Règlement sur les aliments et drogues (C.R.C., ch. 870)

Règlement à jour 2014-09-01; dernière modification 2014-08-21 Versions antérieures

 La date limite d’utilisation d’un produit analogue à un vaccin bactérien ne doit pas dépasser 18 mois après la date de fabrication ou la date de sortie, mais dans le cas de la tuberculine desséchée et de la tuberculine contenant au moins 50 pour cent de glycérine, la date limite d’utilisation ne doit pas dépasser cinq ans après la date de fabrication ou la date de sortie, et dans le cas de toutes les autres tuberculines, elle ne doit pas dépasser 12 mois après la date de fabrication ou la date de sortie.

Virus vaccinaux et vaccins de rickettsies

 Un virus vaccinal, un vaccin de rickettsies, doit être une suspension ou une préparation de virus ou de rickettsies vivants ou tués.

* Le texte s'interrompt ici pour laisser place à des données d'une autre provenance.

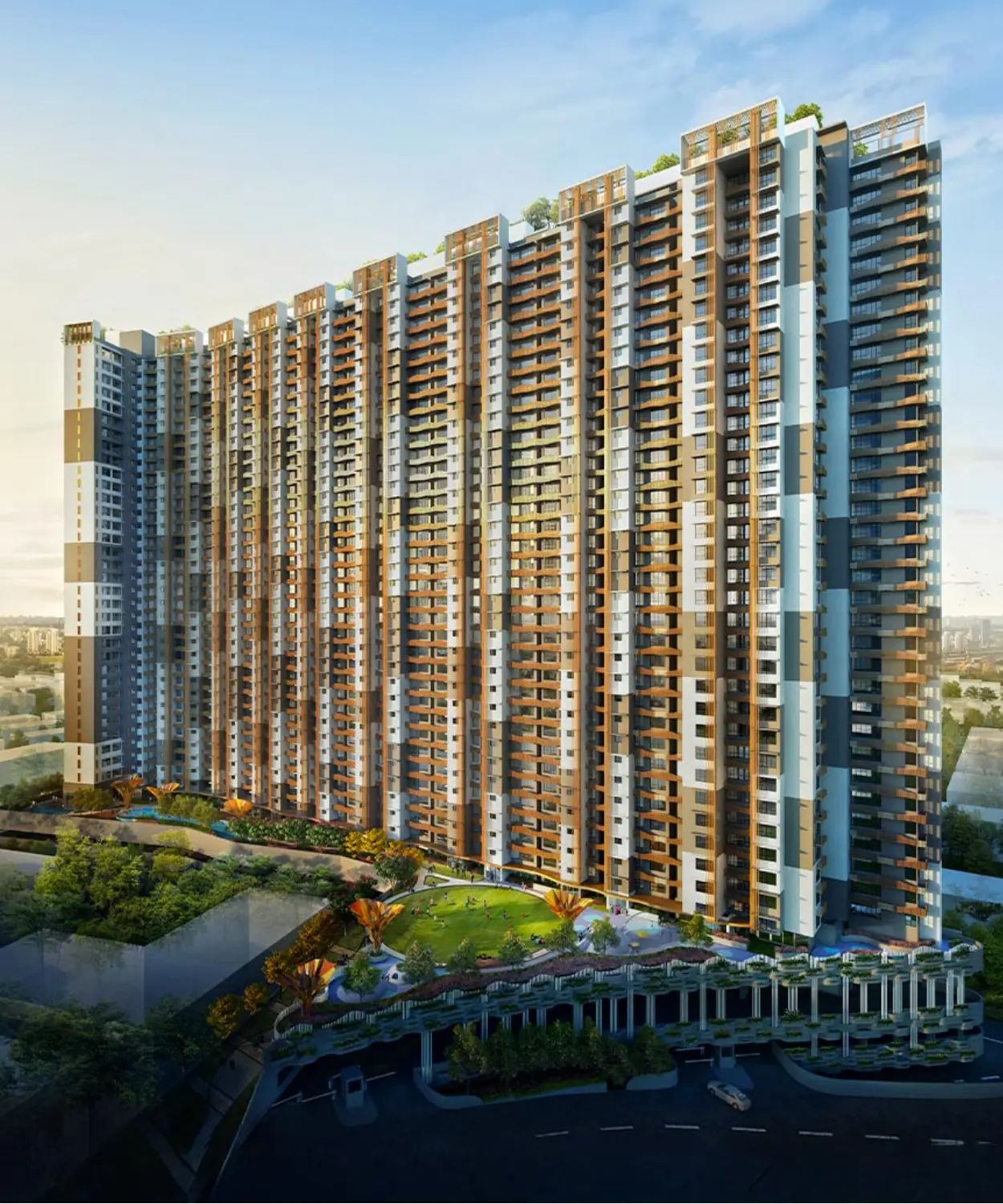 34 Park Estate — Expansion Joint Treatment carried out by WrapPro India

 Il est interdit de vendre un virus ou un vaccin de rickettsies à moins que le manufacturier n’ait soumis à l’approbation du ministre les détails relatifs à la source des souches des virus ou des rickettsies utilisés, à leur mode de propagation, au procédé de préparation du vaccin et aux méthodes de détermination de la stérilité, de l’innocuité, de l’identité et de l’activité et autres analyses requises par le présent règlement.

  • DORS/95-411, art. 2;
  • DORS/97-12, art. 42.

 À la demande écrite du Directeur, le manufacturier et l’emballeur-étiqueteur doivent déposer pour chaque lot de virus vaccinal ou de vaccin de rickettsies prêt pour la vente des protocoles détaillés des essais de stérilité, de sécurité, d’identité, d’activité et de tout autre essai requis par le présent règlement.

  • DORS/97-12, art. 63.

Vaccin antivariolique

 Le vaccin antivariolique est conforme aux exigences suivantes :

  • a) il est un virus vaccinal;

  • b) il est le virus vivant de la vaccine ou ses dérivés tirés de l’une des sources suivantes :

    • (i) pustules produites sur la peau de veaux sains par inoculation du virus,

    • (ii) membranes d’embryons de poussins expressément infectées,

    • (iii) culture de tissu adéquate infectée par le virus ou ses dérivés;

  • c) il est de forme liquide ou desséchée.

  • DORS/2006-2, art. 1.

 Le manufacturier et l’emballeur-étiqueteur ne peuvent manufacturer et emballer-étiqueter le vaccin antivariolique que dans une unité distincte qui est isolée de tous les autres travaux de laboratoire, et dans laquelle ou au voisinage de laquelle aucune matière étrangère n’est tolérée ni entreposée.

  • DORS/97-12, art. 43.

 Le manufacturier doit interdire au personnel préposé au soin des animaux à vaccin tout accès aux écuries et aux enclos à chevaux et tout contact avec les chevaux pendant la propagation du vaccin antivariolique.

  • DORS/97-12, art. 61.

 Le manufacturier et l’emballeur-étiqueteur ne doivent délivrer le vaccin antivariolique que dans des récipients de verre stériles et scellés dans des conditions aseptiques.

  • DORS/97-12, art. 63.

 Le manufacturier et l’emballeur-étiqueteur doivent faire subir une épreuve au vaccin antivariolique en vue d’établir l’absence

  • a) de tout micro-organisme anaérobie sporifère;

  • b) de tout staphylocoque à réaction positive de la coagulase;

  • c) de tout streptocoque hémolytique; et

  • d) de tout autre micro-organisme pathogène contagieux.

  • DORS/97-12, art. 63.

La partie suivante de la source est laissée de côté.